Wishing everyone a restful Earth Day today. In a series of Natural Dye Tips, I'd love to share one recipe for how to create your own brew of indigo dye - with discarded fruit.
Plant based indigo is a wonderful dye colour that we have used and loved in our designs for a couple of years now. With Pantone declaring "Anti-Anxiety Blue" the colour of 2020, I think more blues in this current global climate is more important now more than ever. Let's integrate more calming, oceanic blue palettes into our interiors, eh? x
An Organic Indigo Vat requires a 1-2-3 ratio of
1 00gx Indigo base material, often ground up indigofera tinctoria plant
2 00gx Alkaline Base in the form of Pickeling Lime, often found in your local garden shop
3 00gx Antioxidant Component in the form of Fructose, which you can also create yourself from discarded fruit and vegetable scraps.
Indigo Dye powder becomes active once the oxygen is essentially activated and then stripped from the dye. This process allows the dye to bond to your fabric and thus create that beautiful colour.
The first step to approaching your organic dye vat is to gather together a large pot (we tend to use a 19 liter pot), gram scale, and a clean heating surface away from food. If using your kitchen, please thoroughly before / after use.

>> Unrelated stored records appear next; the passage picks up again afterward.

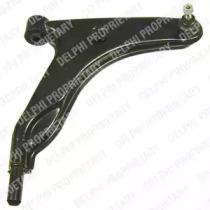 Delphi TC1115 Рычаг подвески колеса Delphi TC1115 Рычаг подвески колеса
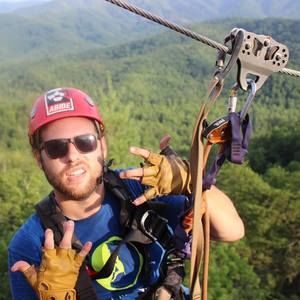 Meet your Posher, James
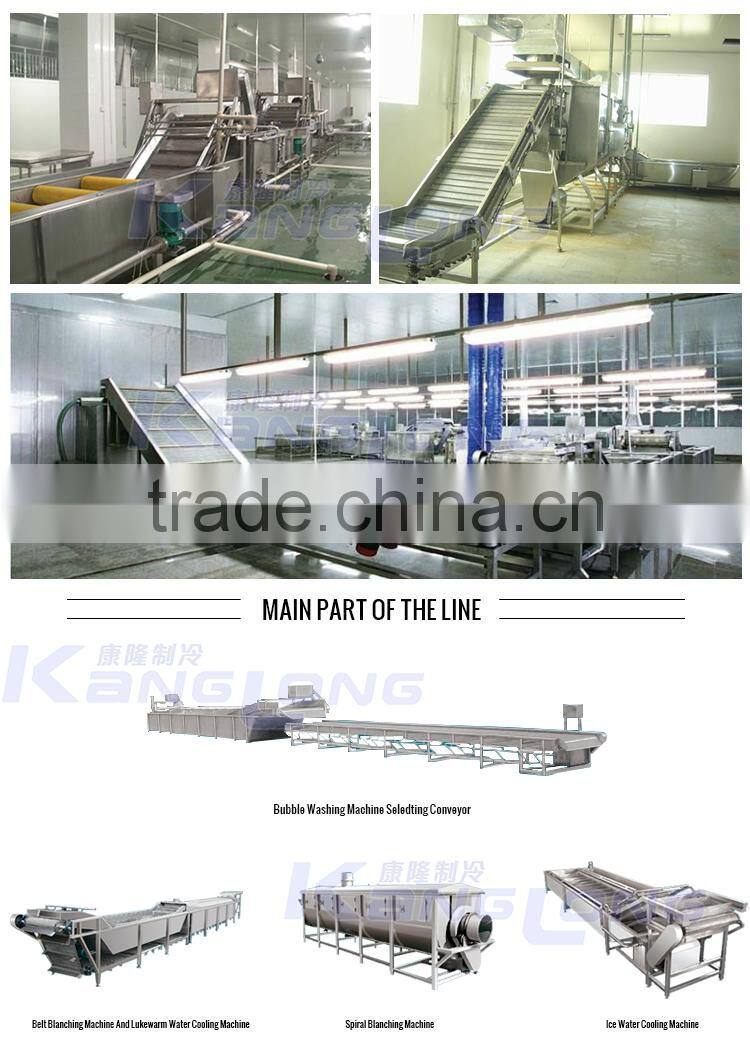 High Quality Sea Cucumber Processing Line With Good Price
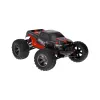 Remote controlled REVOLT car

Please also be sure to wear a dust mask, which are generally handy these days all around.
Gather together you 100g indigo dye, 200g Pickeling Lime, and 300g Fructose Powder or home-made syrup in separate containers.
Add 20ml of warm water to your 100g indigo in a small container and massage the powder into a fine paste. This will activate / hydrate the indigo.

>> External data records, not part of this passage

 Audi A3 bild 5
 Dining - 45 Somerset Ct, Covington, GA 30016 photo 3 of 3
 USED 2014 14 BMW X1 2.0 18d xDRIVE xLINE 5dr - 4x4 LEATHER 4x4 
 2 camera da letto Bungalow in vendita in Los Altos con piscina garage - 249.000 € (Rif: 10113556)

In a separate container or mason jar add 500 ml of hot water to 200g of Pickeling Lime.
Then combine the Indigo Powder with Pickeling Lime gently. The Pickeling Lime adds Alkalinity to the Indigo Powder - an essential step in this natural chemical process.

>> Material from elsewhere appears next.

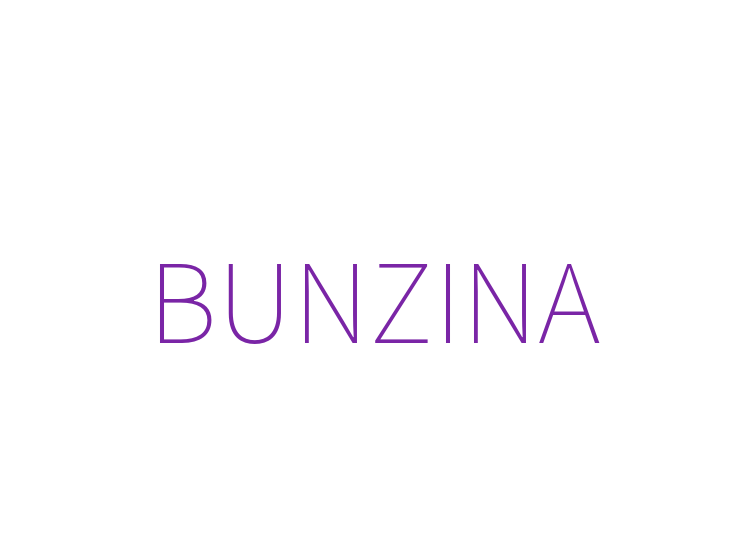 BUNZINA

Now prepare yourself for the magic.
Add your final component, the Frucose element and fill the remainder of the mason jar with hot water and leave for about an hour.
The solution, if ready, should have a green-yellow colour, and soon form a "brown flower" or foam at the top of the liquid. At this stage, your solution is read for dyeing on your fabric.
This is a delicate process and may require a few takes to achieve that final reaction but once you do, it is so worth it.